A faithful, word-for-word copy of the records is required, and it must contain no pictures.
━━━ Listed records
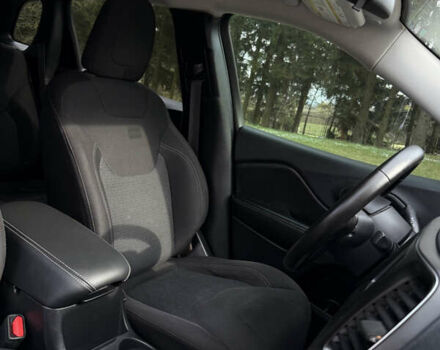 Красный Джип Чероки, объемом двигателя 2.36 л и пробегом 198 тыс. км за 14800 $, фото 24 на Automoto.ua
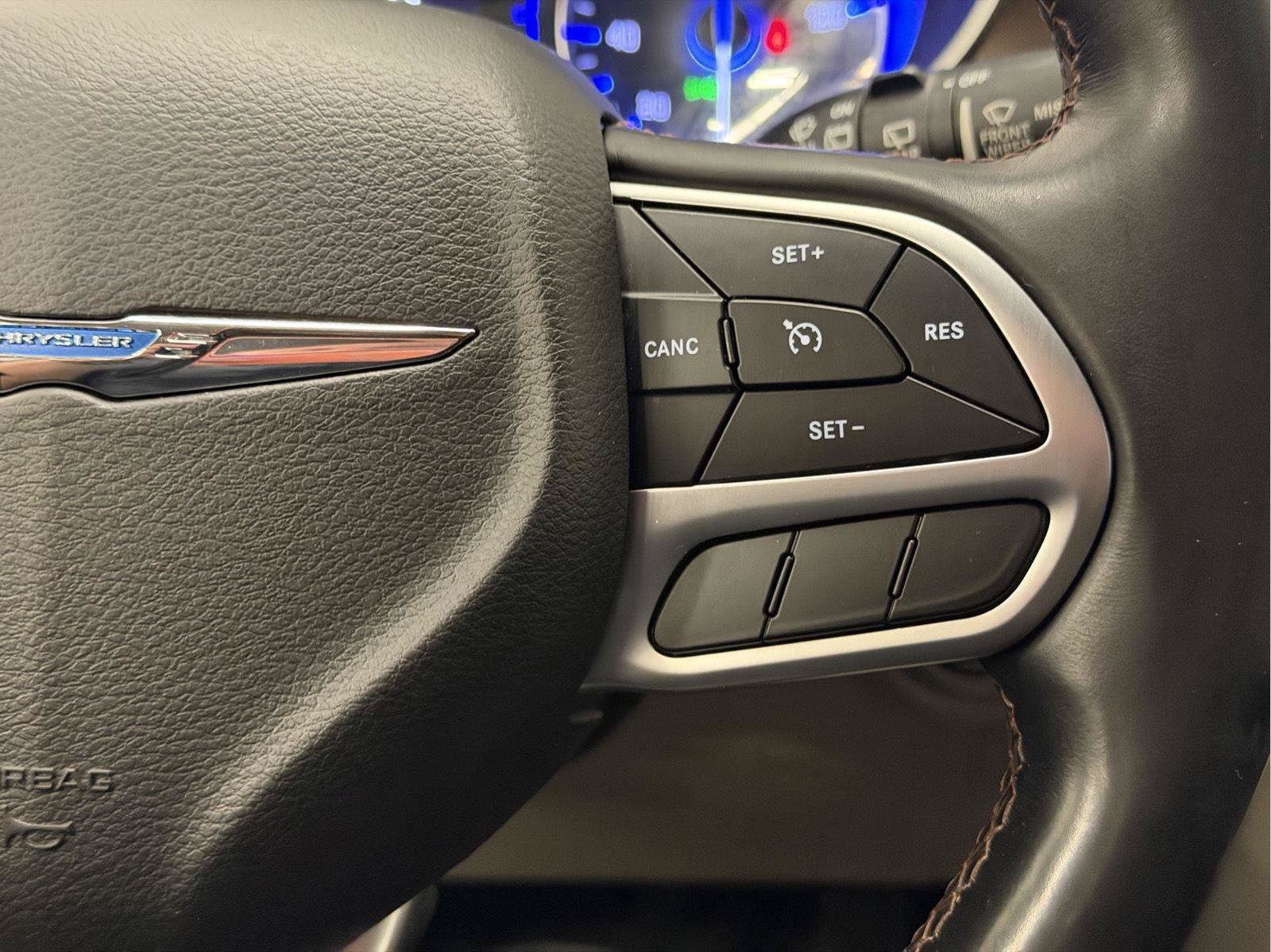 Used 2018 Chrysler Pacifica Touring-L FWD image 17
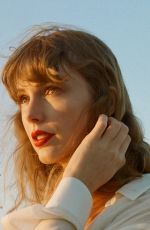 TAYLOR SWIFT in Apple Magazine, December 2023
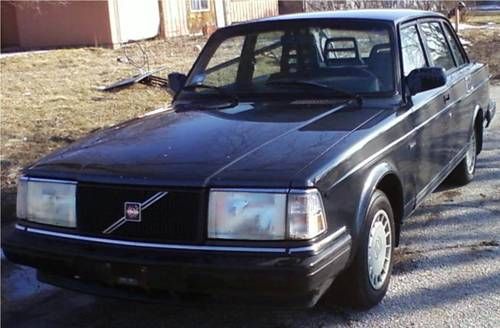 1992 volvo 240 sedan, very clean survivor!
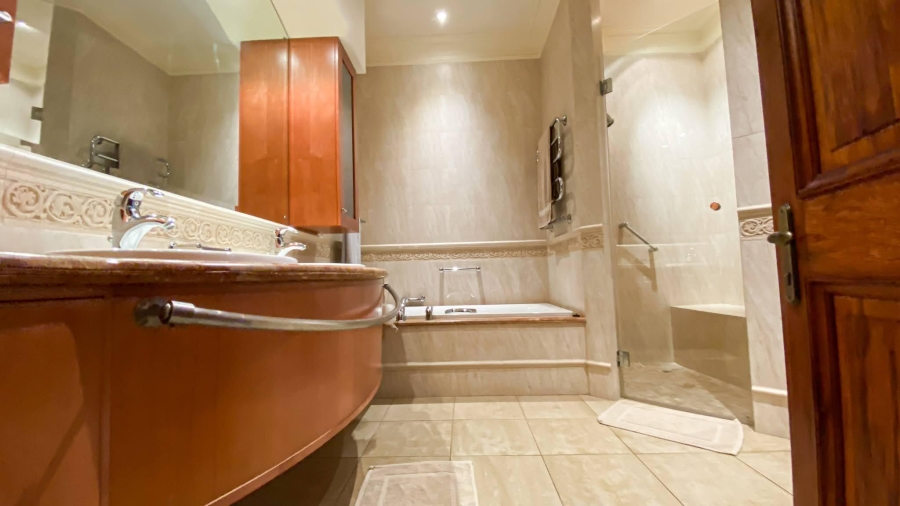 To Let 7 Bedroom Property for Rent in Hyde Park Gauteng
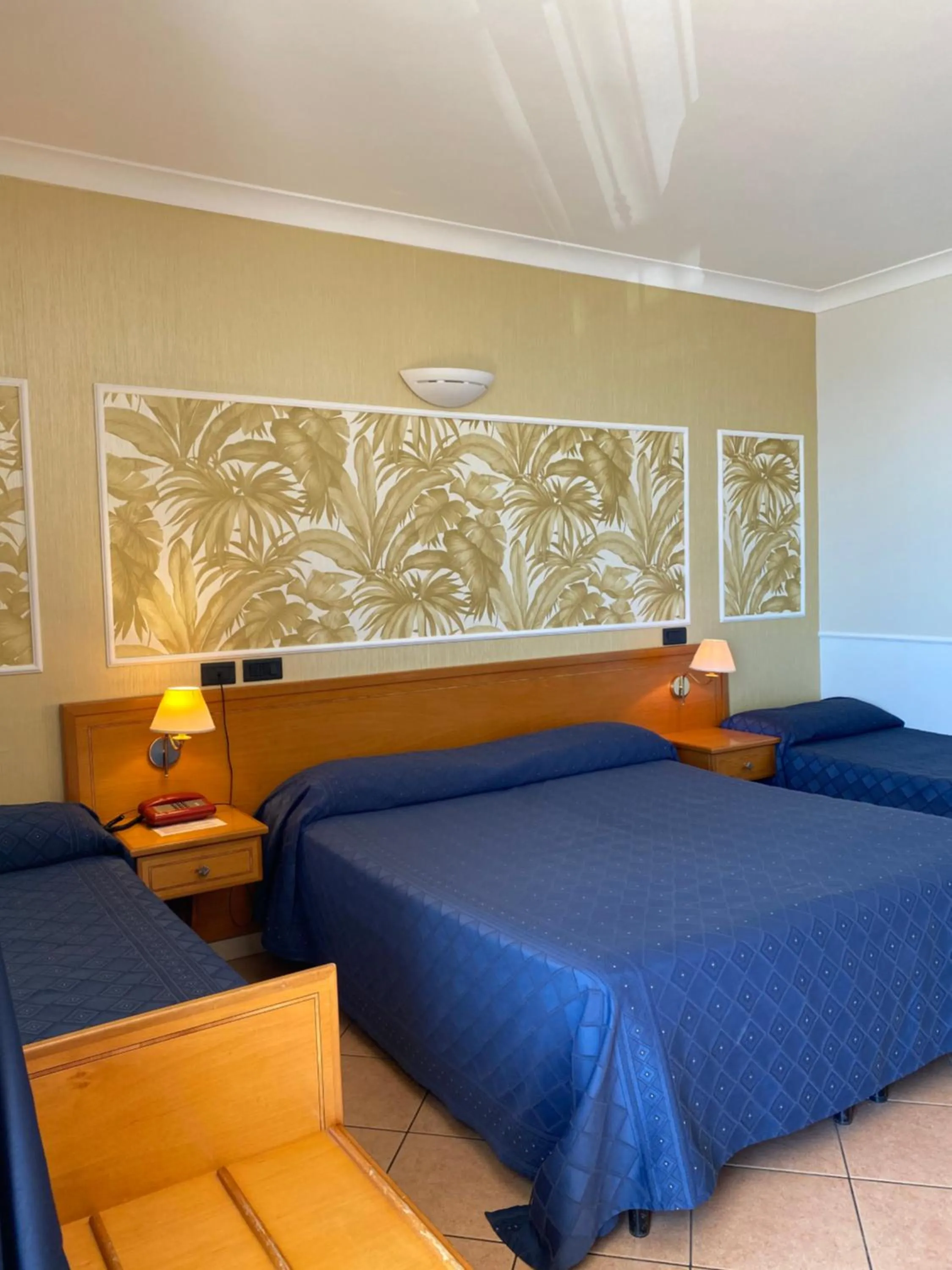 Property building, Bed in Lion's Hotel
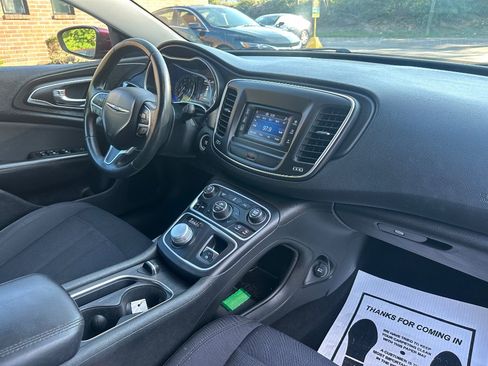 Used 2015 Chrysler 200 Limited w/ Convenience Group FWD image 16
━━━━━━
● **Problem solution**:
 Красный Джип Чероки, объемом двигателя 2.36 л и пробегом 198 тыс. км за 14800 $, фото 24 на Automoto.ua
 Used 2018 Chrysler Pacifica Touring-L FWD image 17
 TAYLOR SWIFT in Apple Magazine, December 2023
 1992 volvo 240 sedan, very clean survivor!
 To Let 7 Bedroom Property for Rent in Hyde Park Gauteng
 Property building, Bed in Lion's Hotel
 Used 2015 Chrysler 200 Limited w/ Convenience Group FWD image 16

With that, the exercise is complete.